BEGIN Extracted material
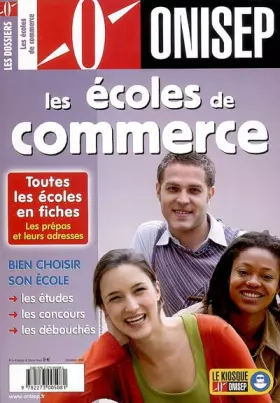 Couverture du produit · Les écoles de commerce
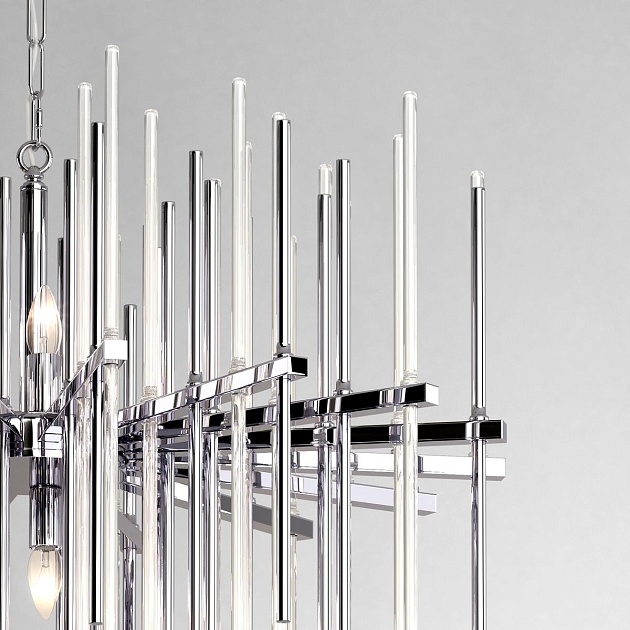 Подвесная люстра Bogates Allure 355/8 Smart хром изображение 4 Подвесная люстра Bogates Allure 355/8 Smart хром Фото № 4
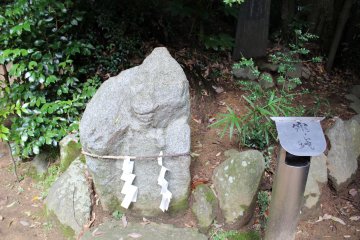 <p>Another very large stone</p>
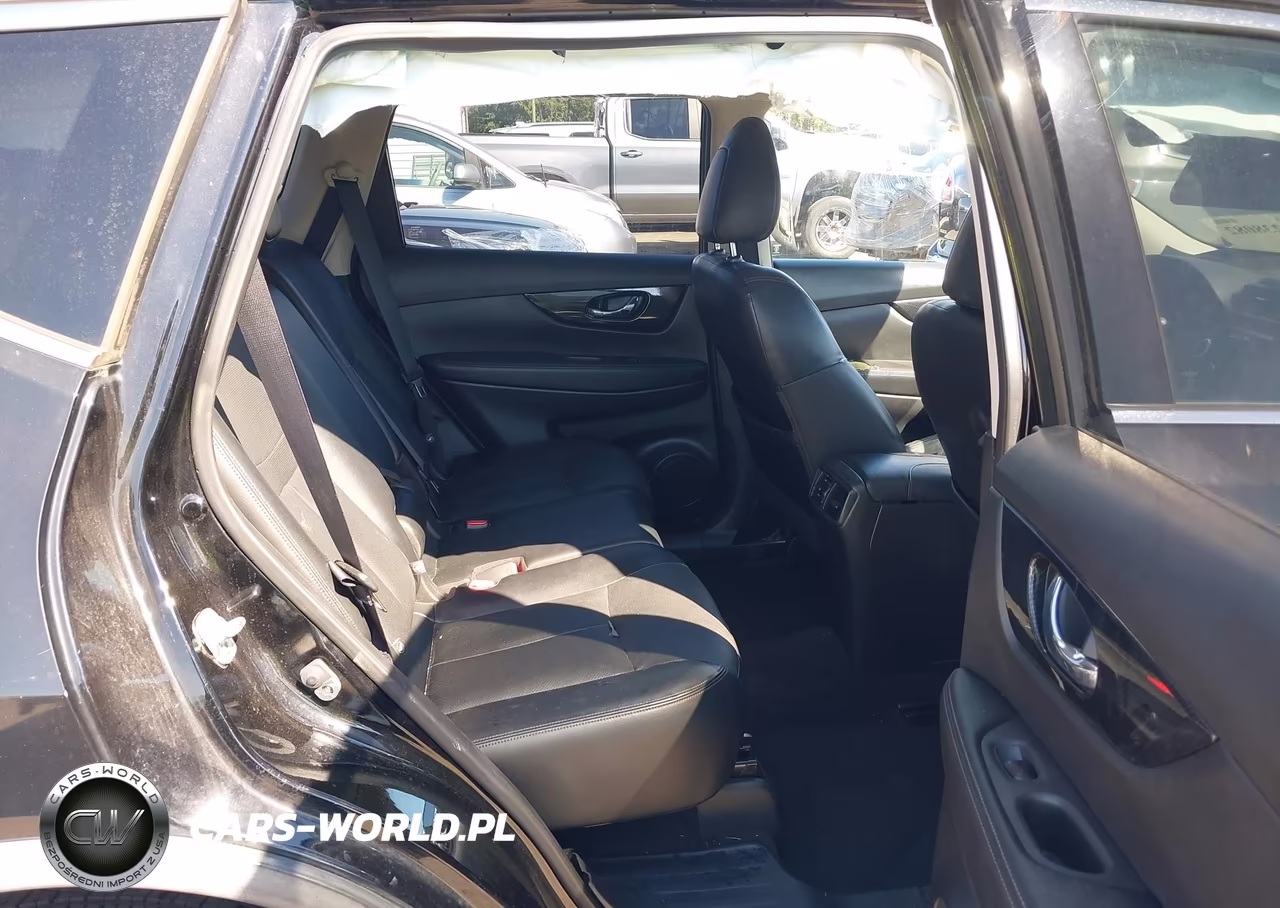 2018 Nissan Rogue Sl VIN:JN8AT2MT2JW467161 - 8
END Extracted material
BEGIN Extracted material
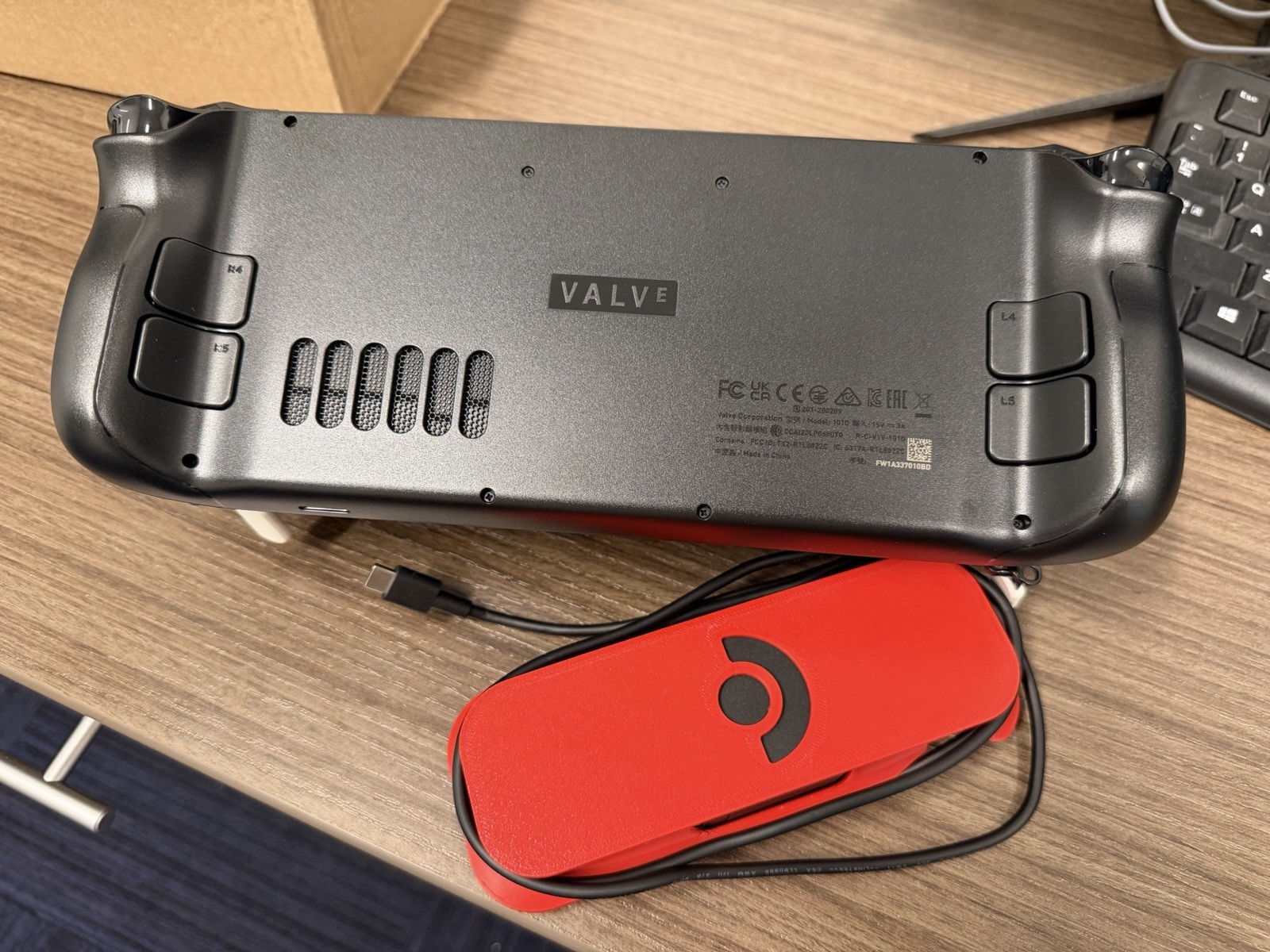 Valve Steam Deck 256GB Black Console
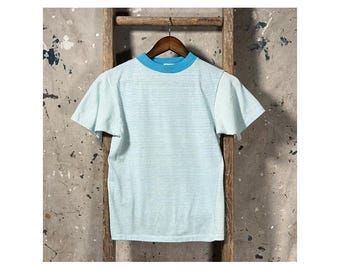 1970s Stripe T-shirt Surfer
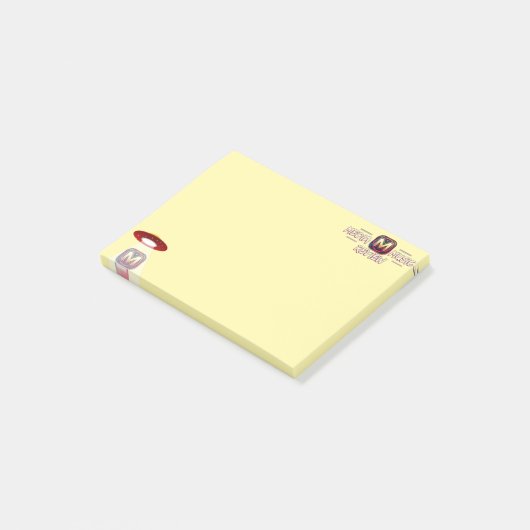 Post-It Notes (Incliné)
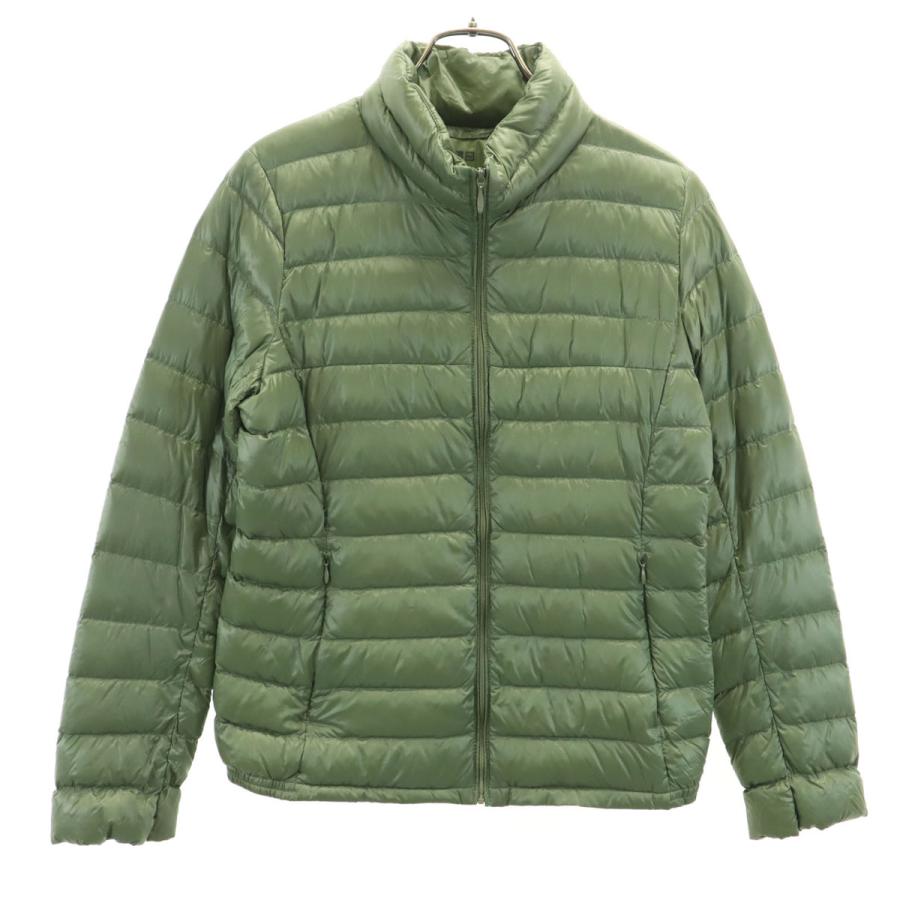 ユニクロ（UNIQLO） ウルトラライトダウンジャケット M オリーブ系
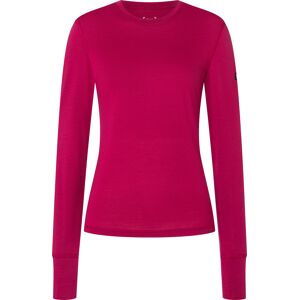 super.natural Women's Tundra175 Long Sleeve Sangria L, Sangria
END Extracted material
BEGIN Extracted material
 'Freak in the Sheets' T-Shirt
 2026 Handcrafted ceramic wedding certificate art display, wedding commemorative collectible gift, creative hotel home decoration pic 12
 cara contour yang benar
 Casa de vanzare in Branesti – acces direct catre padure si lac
END Extracted material
**Assignment**. The lines to reproduce run from the one above containing "Couverture du produit" through the one containing "2018 Nissan Rogue". Copy them exactly and leave out all pictures.

**Response box**.
 Couverture du produit · Les écoles de commerce
 Подвесная люстра Bogates Allure 355/8 Smart хром изображение 4 Подвесная люстра Bogates Allure 355/8 Smart хром Фото № 4
 <p>Another very large stone</p>
 2018 Nissan Rogue Sl VIN:JN8AT2MT2JW467161 - 8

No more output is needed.